Server-Side Tools
Server-side tools execute on the provider's infrastructure — your code binds them like local tools, but the provider runs them, bills per call, and injects results directly into the model's context. Knowing the cost model, result block types, and budget controls is what separates a demo from production.
Quick Reference
- →Anthropic: bind_tools([{'type': 'web_search_20250305', 'name': 'web_search', 'max_uses': 5}])
- →OpenAI: ChatOpenAI(model='gpt-5', use_responses_api=True).bind_tools([{'type': 'web_search'}])
- →LangChain content_blocks types: web_search_call (query) → web_search_result (URLs + content)
- →Cost: $10/1,000 searches ($0.01 each) on both providers, plus token costs for search content
- →Always set max_uses — an agent loop without it can exhaust daily search budget in one session
- →Domain filtering: allowed_domains / blocked_domains on Anthropic web_search_20250305+
- →Multi-turn: pass the full AIMessage — stripped content breaks encrypted_content for citations
- →New: web_search_20260209 adds dynamic filtering via code execution — cuts irrelevant token costs
When NOT to Use Server-Side Tools
Server-side tools solve a real problem — real-time data without infrastructure. But they come with constraints that make them wrong for several production scenarios. Know these before you bind anything.

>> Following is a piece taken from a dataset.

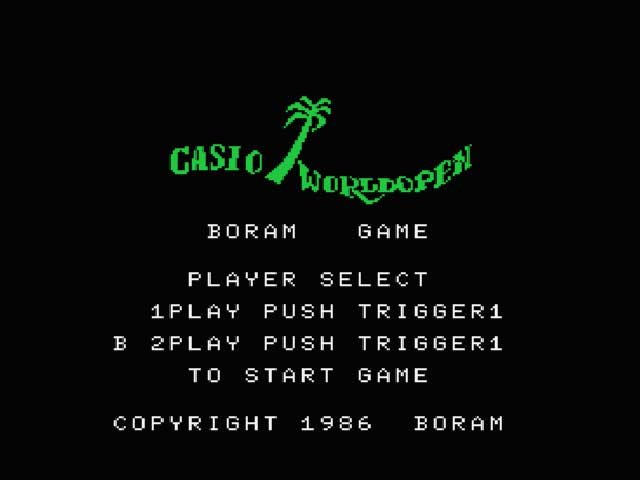 Pantallazo de Casio World Open para MSX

| Scenario | Use Server-Side? | Why |
|---|---|---|
| Latest news, prices, weather | Yes | Managed, no scraping infra needed |
| Latency-critical path (<500ms SLA) | No | Each search adds 2–5s of wait |
| Querying private internal data | No | Results flow through provider servers |
| Predictable, repeatable queries | No | Cache a local call instead ($0 marginal) |
| Heavy agentic loops (50+ turns) | With care | Set max_uses or costs compound fast |
| Regulated data (HIPAA, GDPR) | Verify first | Check provider's data retention policy |
A single web search call adds 2–5 seconds of provider-side wait before your model continues. In a streaming UI this shows as a silent gap. In a synchronous API it means your SLA math changes. Factor this into every design that touches search.